Sunday, June 21, 2009

Smoked pork, buccaneer style

This may be one of the few times you'll ever see just meat here on Weekly Delicious. This is what happens when you're a college student with a limited budget and even more limited means of production. A bit of background:



For my Pirates of the World final project, we could do whatever we wanted so long as we could relate it back to pirates. So I decided to apply what I learned about the history of pirates by producing my take on the smoked meat (boucan) that gave the buccaneers their name (boucanier). The nature of this is really kind of haphazard and inexact in many aspects, since... well, pirates were like that. Feel free to scale up or scale down as you like.

Ingredients:
- About 5 lbs of pork loin
- About 5 - 6 tablespoons of whole allspice
- About 5 - 6 tablespoons of kosher salt (you can use regular salt if you want)

Materials:
- About 6 handfuls of hickory wood chips (or whatever smoking chips you have)
- A grill
- Aluminum foil
- Mortar and pestle
- Meat or probe thermometer

Preparation:
Put your wood chips to soak in water for about an hour. I just used my ever so fancy multipurpose bucket. While the chips are soaking, crush the allspice in the mortar and pestle until it's about look of coarse pepper. Now, why did I make you grind your own allspice when you can just buy preground at the store? 1. It's a different, better flavor and 2. Pirates didn't have preground allspice, silly.


Mix your freshly ground allspice and salt together (you can even give it another smashing with the mortar and pestle, if you want the salt crystals to help you grind up the allspice a bit more) and apply liberally to the pork. Not enough? Just make more, because you want all of the meat completely covered. Made too much? You're not trying hard enough at covering the meat. Let the meat sit in the fridge like that until your wood chips are ready.


Hands on works well.

After an hour, take your wood chips out of the water and put them in the middle of a two large sheets of foil (lay two sheets on top of each other to double them up), leaving plenty of room around the edges. Fold those edges up and towards the middle, while making sure to not seal it up completely. Basically, you're folding this packet up like how an envelope is folded, but instead of closing, you want to leave some space for the smoke to get out of the top. A very flat volcano, if you will.
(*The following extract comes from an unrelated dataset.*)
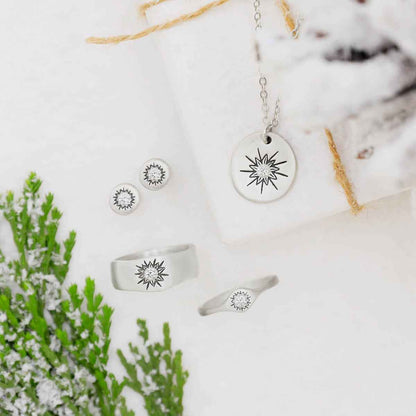 woman wearing pair of sterling silver sunburst stud earrings with a matte-brushed finish with 3mm crystals and her daughter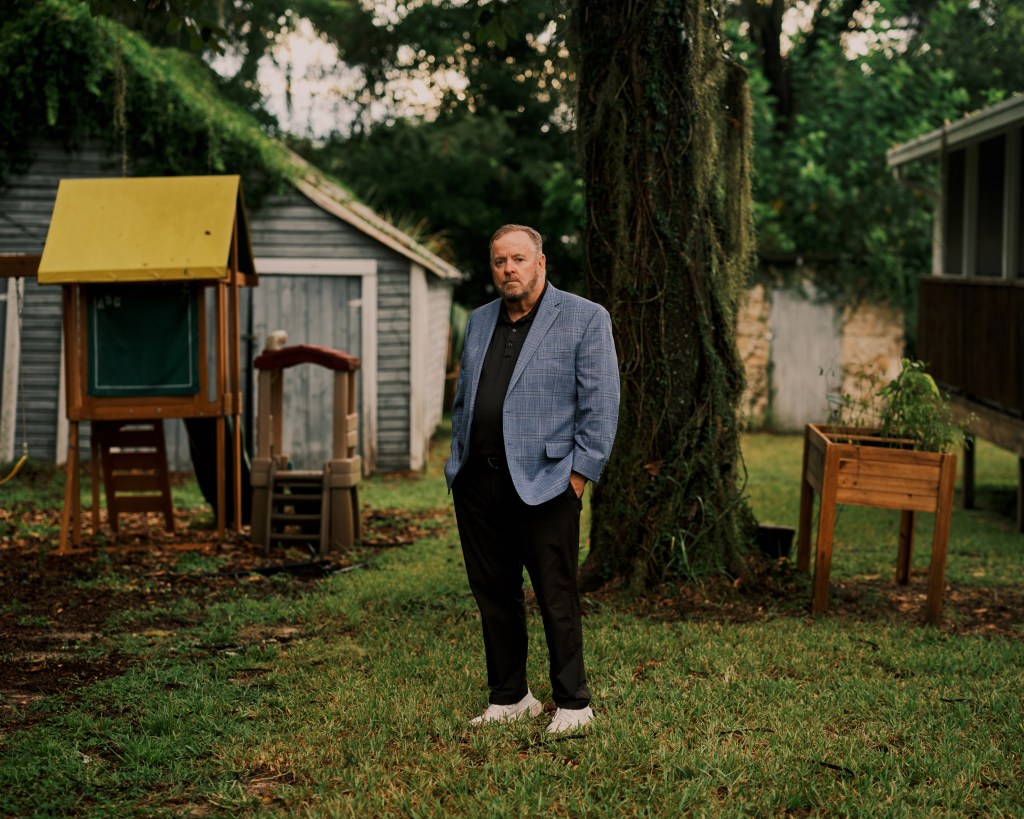 Mike Carroll stands in the yard of Hands of Mercy Everywhere maternity home in Belleview, Florida.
Light your grill and have it going about as low as you can manage it (I tried for a temperature of about 210° to 220° F). If you're using gas, only light one side of the grill. If you're using charcoal, only put the charcoal on one side. Put your wood chip packet (smoke hole side up) on the flame/coals, under the grill grate.

Cooking:
Take your pork out of the fridge and place your thermometer in the thickest cut you have. Put your meat on the side of the grill that doesn't have the smoke packet under it. You aren't cooking with the direct heat of the coals, you're cooking with the smoke and the ambient heat of the grill.


My smoke packet is in the back, so my meat is in the front.

Close the lid. You're aiming for the pork to be about 170° F. You could probably go a little less if you're impatient or brave, but I'm a bit wary of any meat that's not guaranteed cooked into that safety zone that kills off anything nasty. About half way through the cooking process (170 - your starting temperature, then divide that by 2. That's your halfway cooking temperature point), flip the meat.


Look. Smoke. That's supposed to be there.

I started off a bit colder than I was supposed to (plus it was autumn, so it was colder outside), so I took 4 hours to cook this all the way through. What I ended up doing was checking and recording the temperature of the grill every half hour so I knew how long I had to wait and if I had to make any adjustments. It may seem like forever, and you'll be tortured by the amazing smell, but it's all worth it. When you reach 170° F, remove from the grill and place on a clean platter and allow to sit for at least 10 minutes to keep the juices from running out when you cut the meat.



It's absolutely amazing hot off the smoker, but surprisingly also really good cold from the fridge too (especially if you precut it into snacking sized medallions). It's good reheated, it's good a week or two later too (That's why the pirates smoked the meat, the smoking process, salt, and allspice act as preservatives). It's just good.